Gefahren eines Datenlecks
Die Gefahr liegt nicht nur im möglichen externen Zugriff. Auch tausende Mitarbeitende hatten theoretisch Zugriff auf die Daten. Zudem konnte sich mit den Daten nicht nur in den betroffenen sozialen Netzwerken eingeloggt werden. Da viele Nutzerinnen und Nutzer weltweit in verschiedenen Diensten zumindest ähnliche Passwörter nutzen, war zumindest theoretisch auch die Integrität des Zugriffs auf andere Dienste gefährdet.

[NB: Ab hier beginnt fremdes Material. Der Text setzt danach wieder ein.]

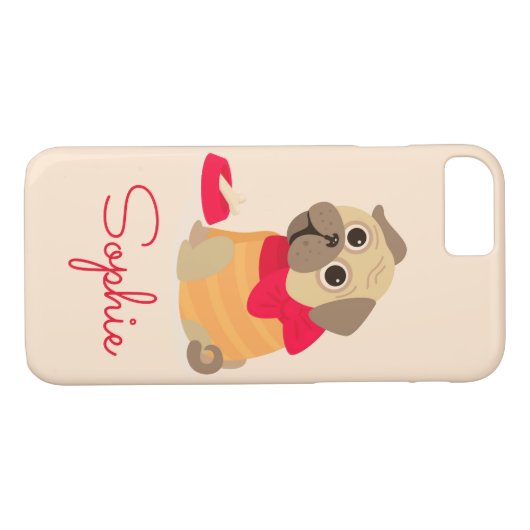 Coques Case-Mate iPhone Carlin chien mignon nom personnalisé (Dos (Horizontal))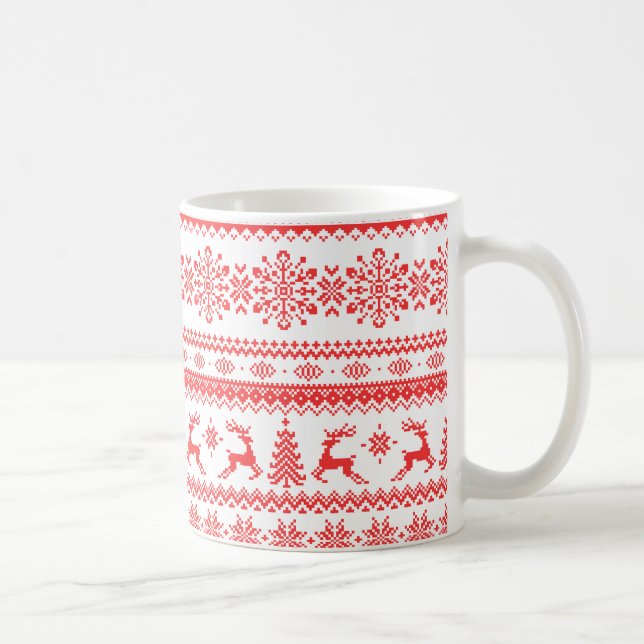 Caneca Monograma justo vermelho do teste padrão da ilha (Direita)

Die Gefahren nur für den Verlust der Verfügungsgewalt über den betroffenen Account kann erhebliche Folgen haben. So kann ein solcher Zugang genutzt werden, um im Rahmen des Social Engineering weitere Personen zu schädigen. Als Social Engineering bezeichnet man allgemein das Hervorrufen von Entscheidungen beim Gegenüber, die diesen Schwächen sollen – etwa durch die Freigabe von finanziellen Mitteln. Oder die betroffene Person kann durch einen Missbrauch des Accounts in zutiefst ehrverletzender Weise dargestellt werden. Die Möglichkeiten der Schädigung sind weitläufig und der kriminellen Fantasie etwaiger Schädiger keine Grenzen gesetzt. Die Konsequenzen für den Betroffenen können in diesen Fällen also von der Notwendigkeit, sich ein neues Passwort anzulegen, bis hin zu weitreichenden finanziellen oder persönlichen Einbußen reichen.

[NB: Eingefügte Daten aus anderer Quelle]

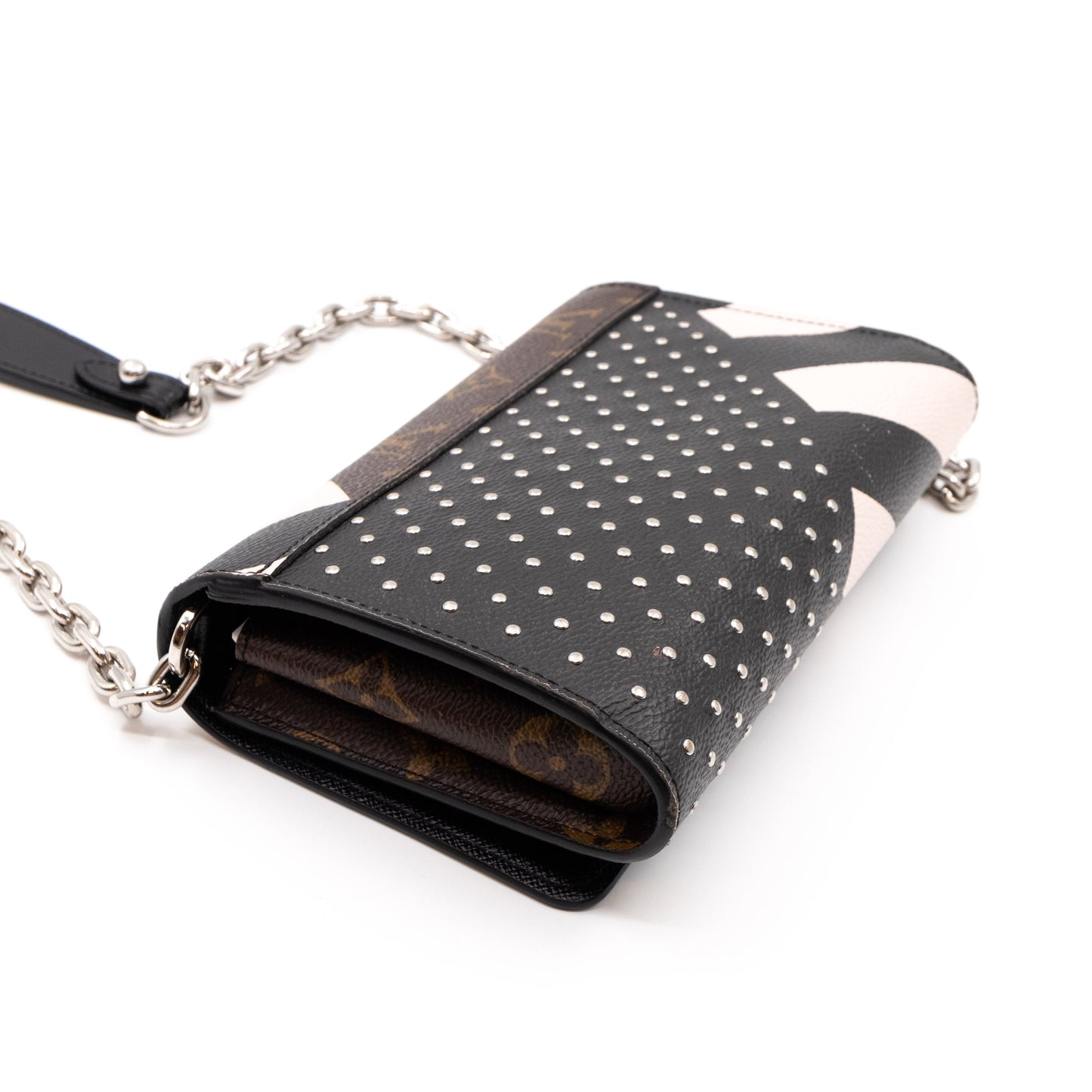Louis-vuitton Twist Chain Wallet Monogram & Studded Leather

Entscheidungsgrundlage und Bußgeld
Die Entscheidung der Behörde beruhte unter anderem auf einer Verletzung der Meldepflicht. Zudem war wohl die interne Dokumentation durch Meta zumindest nicht ausreichend geschehen. Eine Meldepflicht knüpft der Gesetzgeber an das Vorliegen eines Risikos für die Rechte und Freiheiten natürlicher Personen, vgl. Art. 33 DSGVO. Die Information der Betroffenen ist aber nur notwendig, soweit für diese durch den Vorfall ein hohes Risiko besteht, vgl. Art. 34 DSGVO. Das Bußgeld beruht der Entscheidung nach auf den folgenden Feststellungen:
- Keine ausreichenden technisch-organisatorischen Maßnahmen getroffen zu haben, um die Sicherheit der Datenverarbeitung zu gewährleisten (Art. 32 Abs. 1 DSGVO)
- Das Prinzip der Integrität und Vertraulichkeit bei der Datenverarbeitung verletzt zu haben (Art. 5 Abs. 1 lit. f DSGVO)
- Die Verletzung des Schutzes personenbezogener Daten nicht vorschriftsmäßig dokumentiert zu haben (Art. 33 Abs. 5 DSGVO)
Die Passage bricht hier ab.